*WHAT YOU HAVE TO DO*.
With the images removed, repeat the data below exactly.

----- EXTRACTED ENTRIES -----

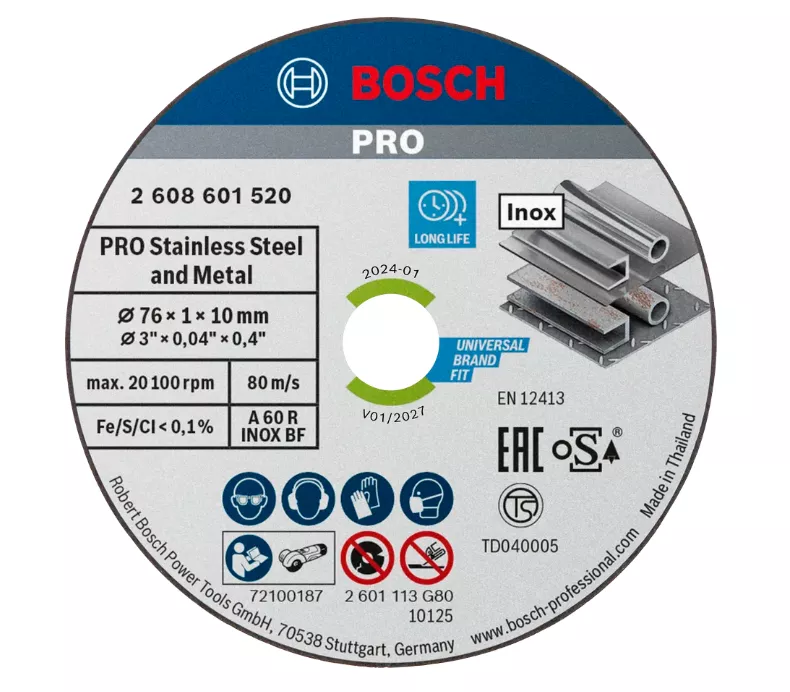 disque à tronçonner BOSCH Expert for Inox Ø76mm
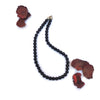 Black Agate Crystal Round Beads Necklace - 15 Inches, 8mm Beads (Semi-Precious Mala)
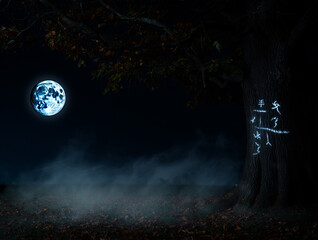 Glowing moon over misty forest with symbols on tree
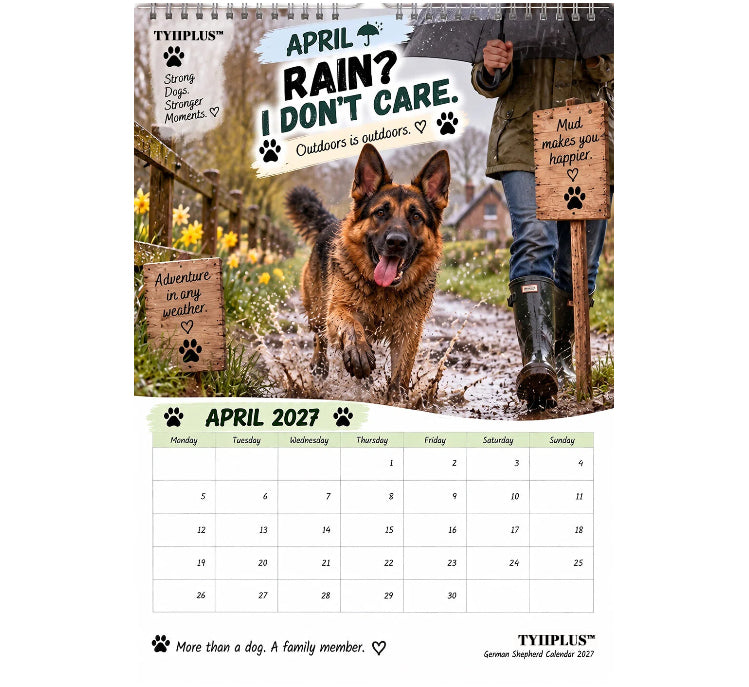 German Shepherd Calendar 2027 – Funny 12-Month Wall Calendar for German Shepherd Lovers & Dog Owners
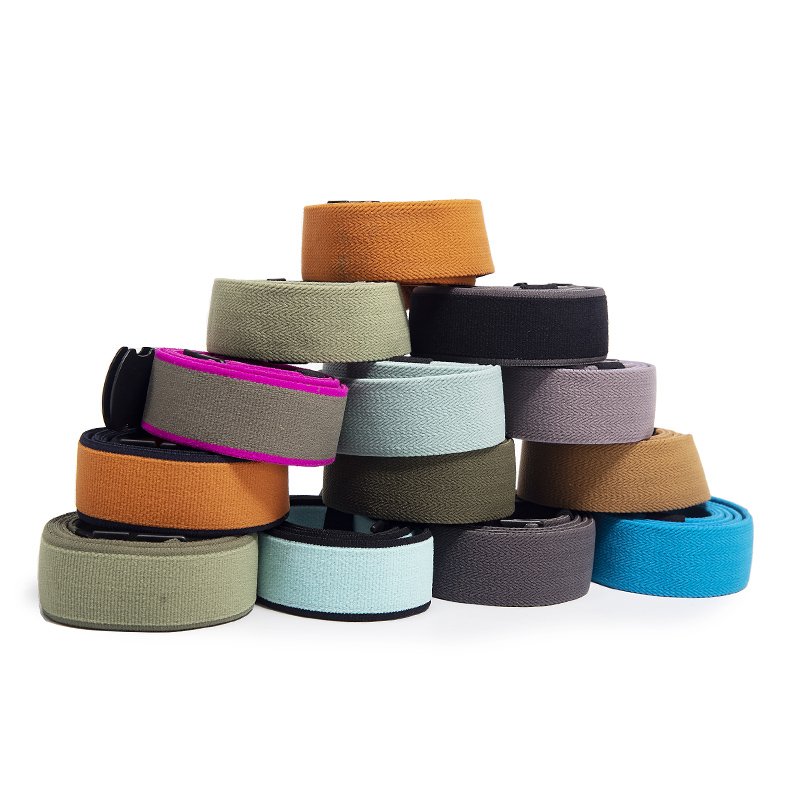 Customized Elastic Fabric Belt for Men and Women with Multicolor Plastic Buckle Outdoor Sport Belts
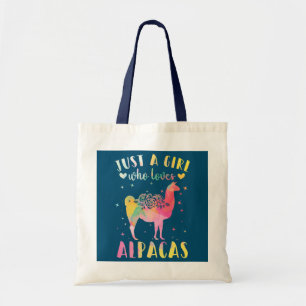 Just a Girl Who Loves Alpacas Watercolor Alpaca Tote Bag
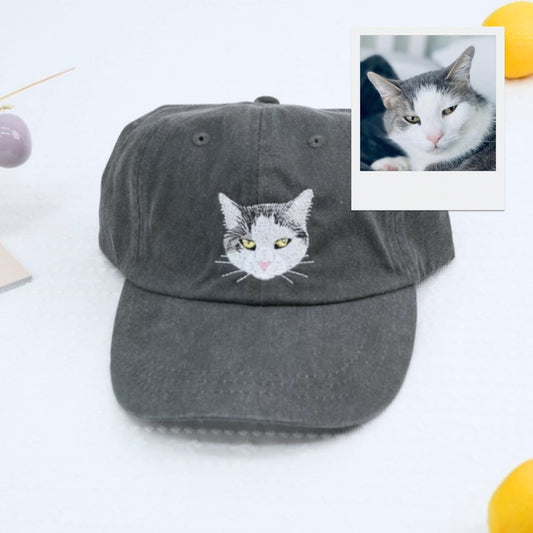 Custom Cat Photo Embroidered Cap - Pet Portrait Cat Lover Accessory - Personalized Cat Parent Gift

-----

*ANSWER AREA*.
 disque à tronçonner BOSCH Expert for Inox Ø76mm
 Black Agate Crystal Round Beads Necklace - 15 Inches, 8mm Beads (Semi-Precious Mala)
 Glowing moon over misty forest with symbols on tree
 German Shepherd Calendar 2027 – Funny 12-Month Wall Calendar for German Shepherd Lovers & Dog Owners
 Customized Elastic Fabric Belt for Men and Women with Multicolor Plastic Buckle Outdoor Sport Belts
 Just a Girl Who Loves Alpacas Watercolor Alpaca Tote Bag
 Custom Cat Photo Embroidered Cap - Pet Portrait Cat Lover Accessory - Personalized Cat Parent Gift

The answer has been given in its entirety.